# Task details
Omit the images and output every line of the data below exactly.

# Provided material
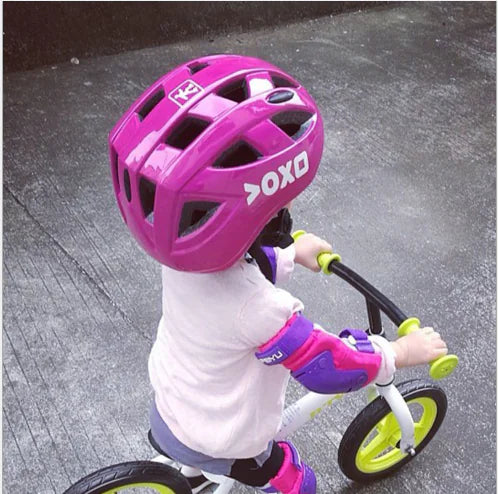 Kids' Roller Skating Helmet and Protective Gear Set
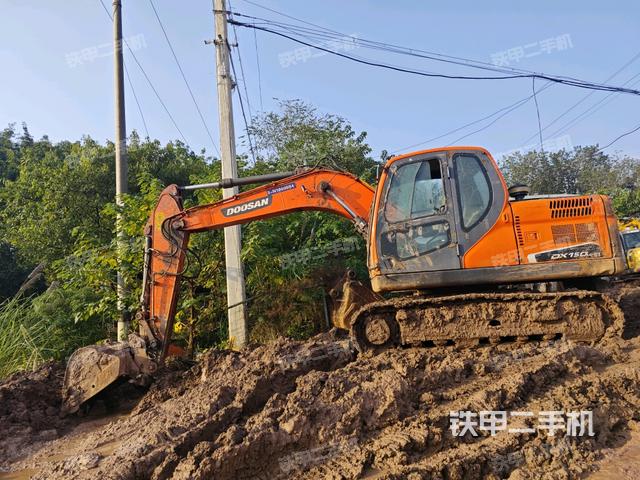 斗山DX120-9C挖掘机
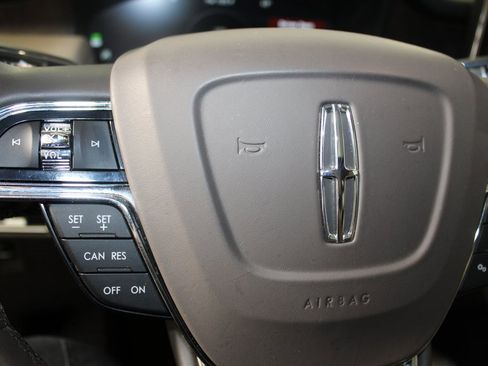 Used 2022 Lincoln Nautilus Reserve image 17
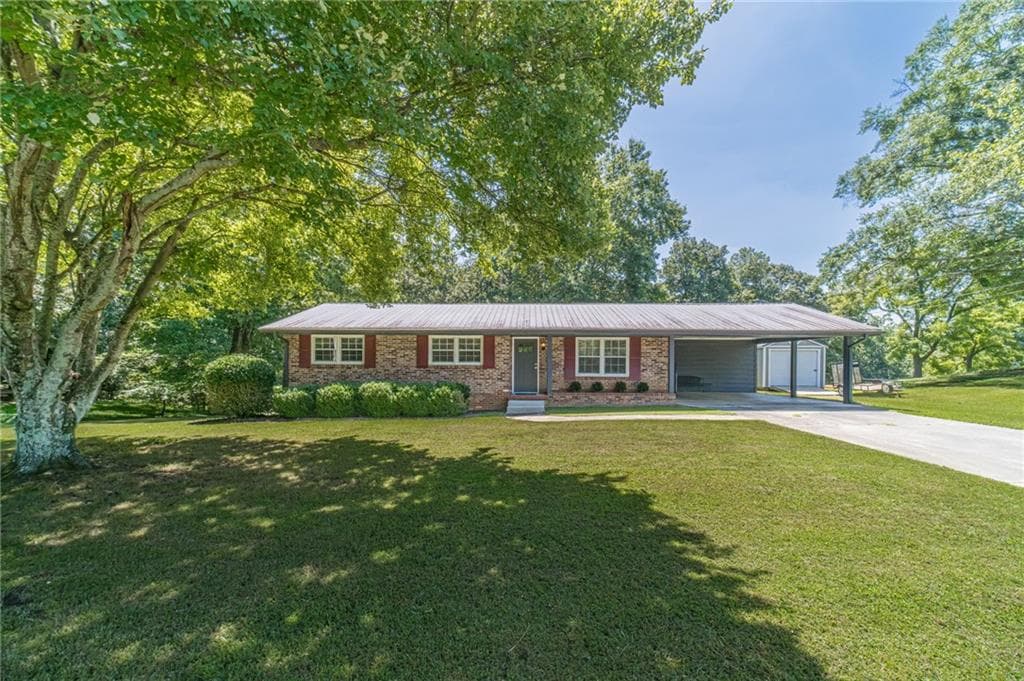 3 bedroom, 2 bathroom, 1,277 sq ft single family residence for sale at 4619 Mountain View Road, Oakwood, GA 30566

# Solution to this exercise
 Kids' Roller Skating Helmet and Protective Gear Set
 斗山DX120-9C挖掘机
 Used 2022 Lincoln Nautilus Reserve image 17
 3 bedroom, 2 bathroom, 1,277 sq ft single family residence for sale at 4619 Mountain View Road, Oakwood, GA 30566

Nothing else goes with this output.